Extracted records

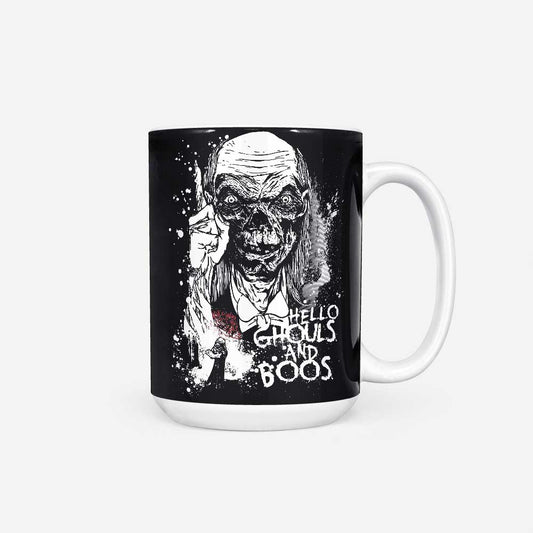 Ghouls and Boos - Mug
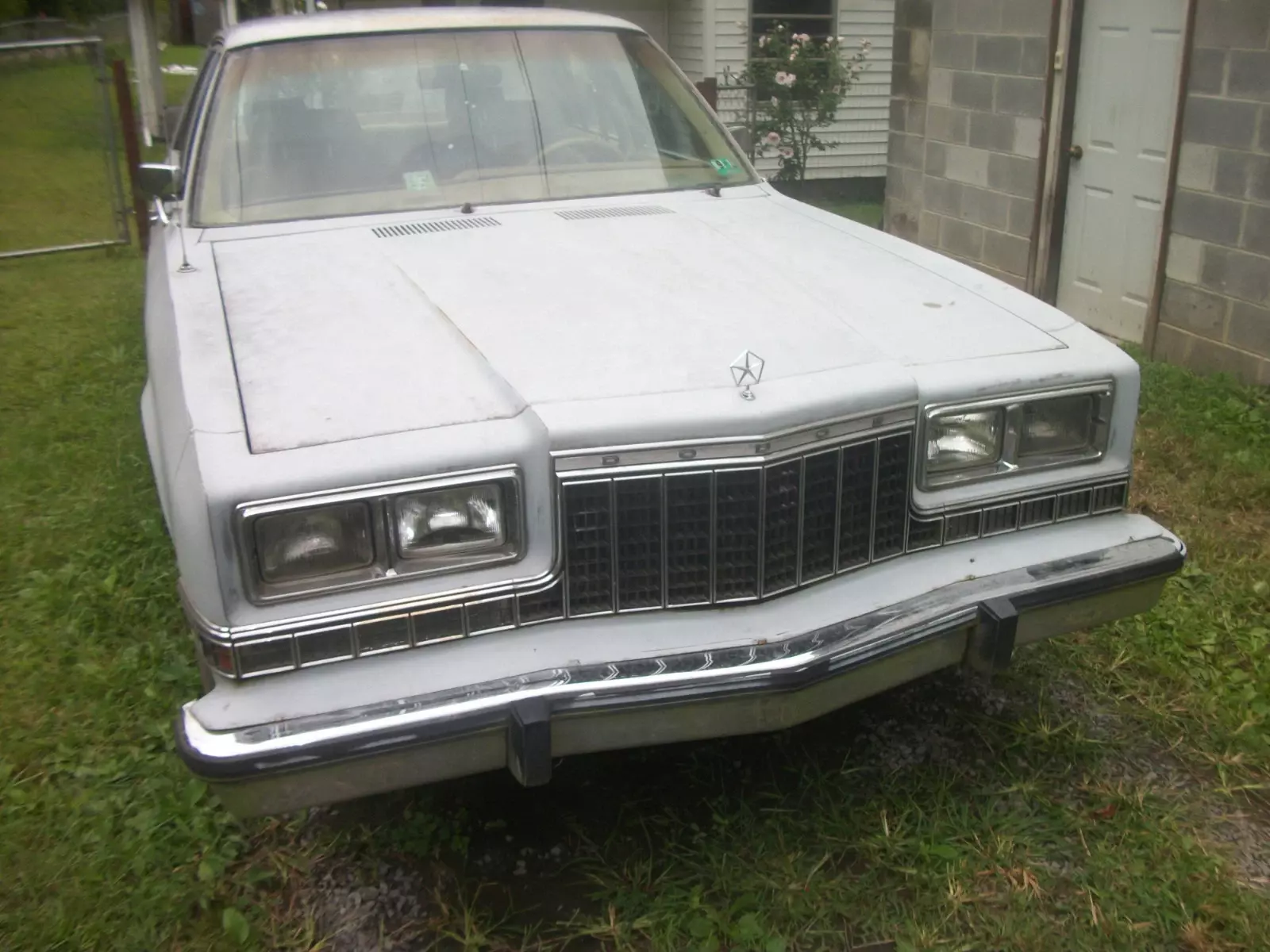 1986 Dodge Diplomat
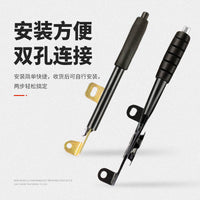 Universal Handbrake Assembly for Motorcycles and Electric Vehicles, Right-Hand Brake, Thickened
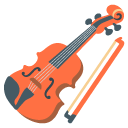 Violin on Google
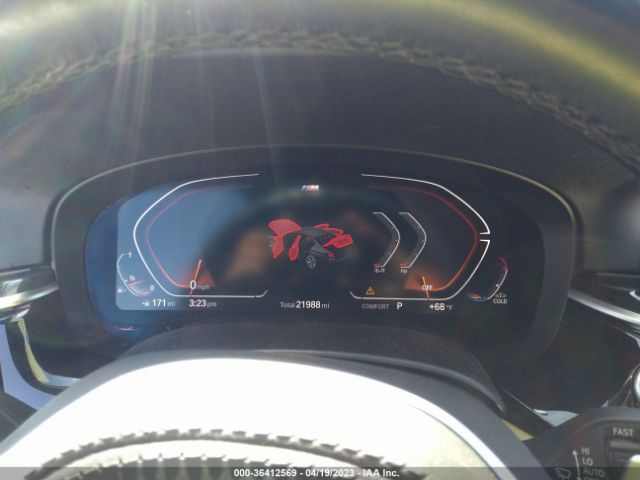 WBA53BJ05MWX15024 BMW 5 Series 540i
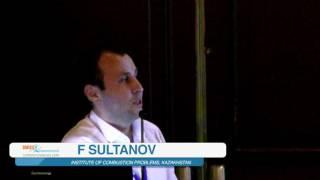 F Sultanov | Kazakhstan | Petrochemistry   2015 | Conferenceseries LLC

[Work order] From the first line to the last, repeat the data above exactly and leave the pictures out.

[Your response]
 Ghouls and Boos - Mug
 1986 Dodge Diplomat
 Universal Handbrake Assembly for Motorcycles and Electric Vehicles, Right-Hand Brake, Thickened
 Violin on Google
 WBA53BJ05MWX15024 BMW 5 Series 540i
 F Sultanov | Kazakhstan | Petrochemistry   2015 | Conferenceseries LLC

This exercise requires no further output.